Todo resulta técnicamente pertinente en los paisajes de Camejo para crear escenas que transcurren ilusoriamente durante la mañana, el atardecer o la noche; espacios en los que la inclemencia de la atmósfera enturbia la visibilidad del panorama; o en los que la lluvia difumina los contornos, la figura de los transeúntes y los vehículos, como si observáramos la realidad a través de un cristal empañado. Sin embargo, al comprobar que los estados y sensaciones del ambiente se reiteran una y otra vez de forma obsesiva, como si miráramos a través de un prisma homogéneo; nos percatamos entonces de que tales presunciones técnicas pasan a un segundo plano, y que lo privilegiado es un ejercicio de asociación personal, una maniobra sutil –a veces lúdicra– de escudriñamiento, que sugiere perspectivas en dirección inversa a la habitual; o sea, se explora, se indaga, de adentro hacia fuera, de la coyuntura intimista del creador a la realidad circundante.
No es de la belleza, de la seducción o del asombro, de lo que comentan los paisajes de mediano y gran formato elaborados por Camejo. Ellos reflejan una moderación, una racionalidad compositiva, típica de un viajante, de un cronista que no parece conmoverse fácilmente ante lo distinto e inusitado. Los paisajes de Camejo hablan de sí mismo, del artífice, de sus indagaciones y conceptos acerca de las ciudades que visita, siente o respira; de cómo ha sido capaz de descubrir sentimientos y atmósferas absolutamente compatibles en diferentes conglomerados humanos; de cómo muchos de esos sentimientos pueden llegar a perpetuarse a pesar del cambio de contextos, de escenografías, y a condicionar por largo tiempo nuestra manera de contemplar e interactuar con la realidad.

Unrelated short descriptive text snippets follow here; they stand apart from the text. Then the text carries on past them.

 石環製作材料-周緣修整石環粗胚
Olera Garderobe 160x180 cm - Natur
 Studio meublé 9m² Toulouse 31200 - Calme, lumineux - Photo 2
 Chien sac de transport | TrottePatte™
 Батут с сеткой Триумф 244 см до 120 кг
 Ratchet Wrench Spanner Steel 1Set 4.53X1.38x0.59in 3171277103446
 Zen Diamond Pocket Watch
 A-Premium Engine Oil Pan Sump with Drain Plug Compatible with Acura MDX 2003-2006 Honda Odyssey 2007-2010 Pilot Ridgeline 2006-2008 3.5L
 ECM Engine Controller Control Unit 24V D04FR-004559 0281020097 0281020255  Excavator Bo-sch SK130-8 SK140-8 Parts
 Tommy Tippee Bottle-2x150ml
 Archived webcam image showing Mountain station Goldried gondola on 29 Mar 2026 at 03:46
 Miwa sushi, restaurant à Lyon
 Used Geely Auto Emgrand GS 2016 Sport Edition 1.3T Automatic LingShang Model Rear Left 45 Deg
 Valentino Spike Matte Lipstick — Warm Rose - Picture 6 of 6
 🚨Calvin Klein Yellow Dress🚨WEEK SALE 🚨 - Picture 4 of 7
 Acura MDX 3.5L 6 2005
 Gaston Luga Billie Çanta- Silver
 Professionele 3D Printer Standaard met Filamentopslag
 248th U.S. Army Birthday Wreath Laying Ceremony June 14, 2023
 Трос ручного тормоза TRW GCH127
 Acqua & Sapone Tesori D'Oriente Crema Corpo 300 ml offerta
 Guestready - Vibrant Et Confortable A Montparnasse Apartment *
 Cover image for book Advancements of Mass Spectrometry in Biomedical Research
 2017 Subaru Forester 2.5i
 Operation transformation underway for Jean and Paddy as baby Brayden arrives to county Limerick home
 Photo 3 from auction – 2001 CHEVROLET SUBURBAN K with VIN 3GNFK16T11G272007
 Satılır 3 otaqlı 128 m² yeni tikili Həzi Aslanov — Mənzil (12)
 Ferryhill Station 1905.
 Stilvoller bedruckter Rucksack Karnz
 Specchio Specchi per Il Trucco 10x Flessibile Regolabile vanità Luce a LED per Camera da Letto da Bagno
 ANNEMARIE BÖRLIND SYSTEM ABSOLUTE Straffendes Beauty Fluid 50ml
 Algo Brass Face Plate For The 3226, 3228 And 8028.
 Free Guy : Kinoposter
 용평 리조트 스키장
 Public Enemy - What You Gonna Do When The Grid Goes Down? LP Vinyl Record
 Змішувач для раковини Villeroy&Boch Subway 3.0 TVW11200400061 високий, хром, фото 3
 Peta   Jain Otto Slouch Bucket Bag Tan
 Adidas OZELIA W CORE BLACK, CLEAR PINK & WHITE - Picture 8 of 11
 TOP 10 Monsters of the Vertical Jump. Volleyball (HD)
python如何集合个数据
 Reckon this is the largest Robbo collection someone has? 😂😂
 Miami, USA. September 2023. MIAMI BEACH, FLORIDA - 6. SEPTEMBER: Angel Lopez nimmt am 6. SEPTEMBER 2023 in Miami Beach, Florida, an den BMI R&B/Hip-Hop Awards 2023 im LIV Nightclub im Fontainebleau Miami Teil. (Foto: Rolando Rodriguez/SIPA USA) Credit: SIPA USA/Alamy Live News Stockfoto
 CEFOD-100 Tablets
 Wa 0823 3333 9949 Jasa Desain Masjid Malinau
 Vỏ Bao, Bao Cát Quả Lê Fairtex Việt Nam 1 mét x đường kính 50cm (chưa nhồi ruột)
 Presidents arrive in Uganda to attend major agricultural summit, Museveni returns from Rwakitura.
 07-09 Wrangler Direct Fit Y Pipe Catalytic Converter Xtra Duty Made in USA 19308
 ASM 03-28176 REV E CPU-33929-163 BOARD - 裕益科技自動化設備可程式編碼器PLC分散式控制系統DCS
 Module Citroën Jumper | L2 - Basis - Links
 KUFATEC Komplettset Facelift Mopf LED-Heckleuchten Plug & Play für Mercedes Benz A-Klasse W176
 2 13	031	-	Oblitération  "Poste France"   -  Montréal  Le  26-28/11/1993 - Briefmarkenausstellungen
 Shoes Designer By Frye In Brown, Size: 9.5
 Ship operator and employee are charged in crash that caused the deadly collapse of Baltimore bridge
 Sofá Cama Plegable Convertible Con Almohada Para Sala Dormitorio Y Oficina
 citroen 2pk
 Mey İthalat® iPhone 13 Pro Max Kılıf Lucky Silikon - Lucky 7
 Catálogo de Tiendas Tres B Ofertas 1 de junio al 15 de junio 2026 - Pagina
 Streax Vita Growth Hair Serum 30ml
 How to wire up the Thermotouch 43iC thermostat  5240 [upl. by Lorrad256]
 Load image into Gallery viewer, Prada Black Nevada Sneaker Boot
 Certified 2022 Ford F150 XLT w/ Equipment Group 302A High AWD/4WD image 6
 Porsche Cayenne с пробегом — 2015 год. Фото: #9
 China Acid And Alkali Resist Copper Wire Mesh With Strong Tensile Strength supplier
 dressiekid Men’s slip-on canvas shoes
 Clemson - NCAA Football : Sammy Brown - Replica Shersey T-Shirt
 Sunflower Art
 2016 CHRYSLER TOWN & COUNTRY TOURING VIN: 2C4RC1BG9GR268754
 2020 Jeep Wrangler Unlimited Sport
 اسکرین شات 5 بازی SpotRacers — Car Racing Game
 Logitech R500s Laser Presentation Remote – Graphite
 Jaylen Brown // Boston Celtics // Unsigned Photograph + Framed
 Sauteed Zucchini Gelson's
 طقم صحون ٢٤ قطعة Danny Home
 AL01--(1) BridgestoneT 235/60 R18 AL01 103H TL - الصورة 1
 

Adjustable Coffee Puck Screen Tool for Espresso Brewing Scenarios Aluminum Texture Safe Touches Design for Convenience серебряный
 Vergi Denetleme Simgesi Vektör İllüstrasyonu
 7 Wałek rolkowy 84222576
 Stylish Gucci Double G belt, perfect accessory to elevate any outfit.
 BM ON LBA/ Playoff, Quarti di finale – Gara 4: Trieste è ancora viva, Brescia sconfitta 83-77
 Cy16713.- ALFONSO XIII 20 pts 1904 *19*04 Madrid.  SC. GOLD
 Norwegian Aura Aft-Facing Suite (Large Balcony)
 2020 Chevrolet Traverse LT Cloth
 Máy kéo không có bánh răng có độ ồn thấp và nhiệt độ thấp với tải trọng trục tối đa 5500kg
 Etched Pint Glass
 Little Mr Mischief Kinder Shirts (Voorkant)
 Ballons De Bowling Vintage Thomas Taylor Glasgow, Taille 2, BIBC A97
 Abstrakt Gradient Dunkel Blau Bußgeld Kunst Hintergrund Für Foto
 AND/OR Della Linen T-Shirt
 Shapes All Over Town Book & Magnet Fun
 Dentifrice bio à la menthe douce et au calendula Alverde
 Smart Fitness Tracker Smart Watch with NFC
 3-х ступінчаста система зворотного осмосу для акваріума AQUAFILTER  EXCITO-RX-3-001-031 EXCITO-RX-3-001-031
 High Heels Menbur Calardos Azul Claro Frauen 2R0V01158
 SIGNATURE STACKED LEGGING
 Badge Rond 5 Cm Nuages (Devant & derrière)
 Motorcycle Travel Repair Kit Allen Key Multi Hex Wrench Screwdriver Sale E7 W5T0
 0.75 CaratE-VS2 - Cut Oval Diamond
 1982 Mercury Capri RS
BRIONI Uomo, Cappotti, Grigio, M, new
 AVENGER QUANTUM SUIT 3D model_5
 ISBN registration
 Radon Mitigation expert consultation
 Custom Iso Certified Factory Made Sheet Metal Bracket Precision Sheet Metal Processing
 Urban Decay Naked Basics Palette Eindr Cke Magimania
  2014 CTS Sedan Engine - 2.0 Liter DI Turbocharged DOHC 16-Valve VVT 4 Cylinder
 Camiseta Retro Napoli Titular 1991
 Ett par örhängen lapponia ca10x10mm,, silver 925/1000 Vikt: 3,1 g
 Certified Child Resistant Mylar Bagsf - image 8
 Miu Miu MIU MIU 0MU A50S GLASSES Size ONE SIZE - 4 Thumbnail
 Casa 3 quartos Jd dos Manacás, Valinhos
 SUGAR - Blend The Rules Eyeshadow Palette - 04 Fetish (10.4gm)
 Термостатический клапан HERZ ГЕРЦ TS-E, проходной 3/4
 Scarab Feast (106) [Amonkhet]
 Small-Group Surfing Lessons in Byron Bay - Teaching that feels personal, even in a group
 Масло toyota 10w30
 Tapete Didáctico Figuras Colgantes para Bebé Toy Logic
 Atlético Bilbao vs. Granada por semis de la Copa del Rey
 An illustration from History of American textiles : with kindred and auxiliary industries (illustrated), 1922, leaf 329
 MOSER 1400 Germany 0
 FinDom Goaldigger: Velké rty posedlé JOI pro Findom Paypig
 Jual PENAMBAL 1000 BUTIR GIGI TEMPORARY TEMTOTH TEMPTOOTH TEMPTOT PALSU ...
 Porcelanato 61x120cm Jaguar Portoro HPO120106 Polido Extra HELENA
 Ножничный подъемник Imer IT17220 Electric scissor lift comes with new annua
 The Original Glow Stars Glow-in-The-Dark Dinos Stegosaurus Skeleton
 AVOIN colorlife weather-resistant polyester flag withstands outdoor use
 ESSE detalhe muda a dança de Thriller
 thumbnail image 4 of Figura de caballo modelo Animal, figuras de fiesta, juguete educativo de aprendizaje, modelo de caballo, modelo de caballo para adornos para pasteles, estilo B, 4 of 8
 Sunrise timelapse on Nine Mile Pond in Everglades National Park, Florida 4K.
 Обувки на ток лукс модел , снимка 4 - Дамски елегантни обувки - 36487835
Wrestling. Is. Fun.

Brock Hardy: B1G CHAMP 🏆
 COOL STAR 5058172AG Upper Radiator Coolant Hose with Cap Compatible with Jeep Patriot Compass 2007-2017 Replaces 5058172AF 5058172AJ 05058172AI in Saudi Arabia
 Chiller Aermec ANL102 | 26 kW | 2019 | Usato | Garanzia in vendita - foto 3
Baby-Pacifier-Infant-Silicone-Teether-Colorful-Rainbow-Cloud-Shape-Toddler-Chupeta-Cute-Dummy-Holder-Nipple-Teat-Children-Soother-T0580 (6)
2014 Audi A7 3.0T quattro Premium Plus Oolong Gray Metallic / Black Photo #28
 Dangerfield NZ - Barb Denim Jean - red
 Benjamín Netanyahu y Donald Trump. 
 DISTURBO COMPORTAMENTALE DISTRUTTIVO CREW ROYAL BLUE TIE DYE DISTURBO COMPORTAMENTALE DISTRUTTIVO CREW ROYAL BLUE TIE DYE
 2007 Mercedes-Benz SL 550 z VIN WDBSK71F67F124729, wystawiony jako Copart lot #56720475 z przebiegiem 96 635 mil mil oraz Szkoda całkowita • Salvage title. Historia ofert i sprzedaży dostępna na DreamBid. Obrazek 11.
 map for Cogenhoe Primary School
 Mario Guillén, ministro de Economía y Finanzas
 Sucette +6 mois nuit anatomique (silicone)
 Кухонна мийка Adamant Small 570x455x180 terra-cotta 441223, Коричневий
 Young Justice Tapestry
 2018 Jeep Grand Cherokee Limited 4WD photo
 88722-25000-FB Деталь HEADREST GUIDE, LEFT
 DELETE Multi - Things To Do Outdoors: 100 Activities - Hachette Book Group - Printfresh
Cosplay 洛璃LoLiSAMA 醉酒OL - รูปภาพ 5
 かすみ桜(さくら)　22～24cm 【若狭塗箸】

Se me ocurre pensar, incluso, que los paisajes de Camejo se insertan en ese ciclo de redefinición de los “mapas” identitarios, de las “cartografías” vivenciales inducidas desde hace un par de décadas por la plástica cubana. Entre los creadores paradigmáticos de esta tendencia podríamos mencionar, por ejemplo, a Antonio Eligio (Tonel) e Ibrahim Miranda. Tonel cuestiona con enorme sarcasmo nuestros ordenamientos idílicos del universo civilizado; impugna nuestras pretensiones modélicas (pensemos, por ejemplo, en la pieza “Mundo soñado” que se exhibe en la colección permanente del Museo Nacional de Bellas Artes). Ibrahim ejecuta con sarcasmo, ironía, una especie de “mapeo” de esas nociones iconográficas impuestas por la épica y la narrativa histórica, y asumidas socialmente de manera mimética (cualquiera de sus obras incluidas en la serie “Islas Urbanas” podría constituir un arquetipo de esta afirmación). Camejo deconstruye, redibuja los espacios habitables; desmonta las percepciones y dinámicas emotivas de entornos oriundos o foráneos. Junto a Tonel e Ibrahim Miranda, conformaría algo así como una tríada que explora el paisaje desde la transición de lo genérico a lo individual, de lo normativo a lo inusitado.